Yes basically it just shields the wires from stray signals, alot of the O2 wires I see are shielded to. No......at aprox 350km's after replacing the wire the car died again. I jiggled the new distributor wire but no go I was pretty perplexed now.......2 different distributor wires ? So I finally decide that it must be somewhere else in the engine wiring harness so I try moving different parts of the harness. AFM wires, check connector, coil wires and the wires that come of the 12 volt battery post and the car starts and I manage to drive the 150km's back home. So I decided that since the summers been so crappy so far I need another Celica to cheer me up so hopefully once I've replaced Dirty Deeds bad harness I can go and check it out. A guy a couple hours from me has an 89 GTS for sale. 186,000 km for $1,500.00 Dam I normally pay almost that much for rust buckets, not that I don't think their is rust on this car just alot less than some of the heaps I have dragged home So as soon as I can get a new harness in Dirty Deeds I'll be giving it a 400km test drive So I'm motivated, old harness is out so in the morning I'll be puting the new harness in as soon as I finish taping it up, I had to re add the distributor wiring I had removed from it.
Yeah 20+ year old wiring is going to degrade sooner or later, the wire itself is in good shape its just the insulating covering has dried out and cracked in some places, the higher the heat in the area the worse the damage I find now that if I lift up on this section of the harness the break or short in the wire will go away
That red 89GTS looks like a great deal. Especially one original owner and only 168,000K's for $1500?! I'd be all over that.

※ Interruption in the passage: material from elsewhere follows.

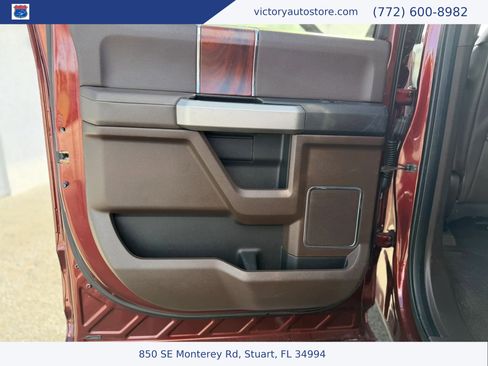 Used 2015 Ford F150 King Ranch w/ Equipment Group 601A Luxury AWD/4WD image 55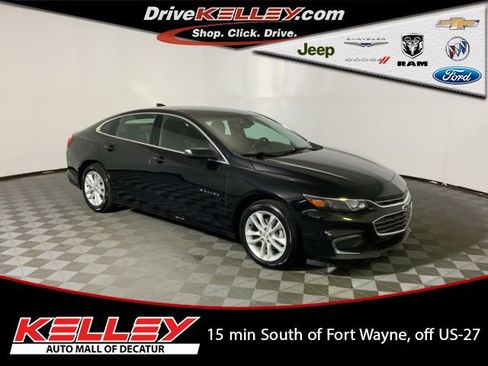 Used 2017 Chevrolet Malibu LT image 1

Well I got the chance today to get down and take a look at that other Celica that I had posted about. Got the new harness in Dirty Deeds on friday but the guy was away on saturday so I got a buddy and the license plate for my red All Trac and we headed down to check it out. Decided to take the back roads (blue route) since its the weekend and the trans canada highway would be a nighmare. All nice and happy in its new home The best part about avoiding the trans canada highway was I got to race my buddy all the way back home on some nice country roads and that was quite fun, luckilly no cops cause I know I hit 140km in the new car As I suspected more rust than claimed but the drivers side rear fender is the only bad spot so I can deal with that Back to the engine wiring harness I have noticed that since I have swaped out the old engine harness I can start Dirty Deeds every time with the key whereas with the old engine harness I almost allways had to use my bypass switch which I had ran a dedicated wire from the drivers compartment over top of the radiator and straight to the starter. I think the wiring in the engine harness has more than one bad wire in it, starter wire and one wire that just shuts the engine off.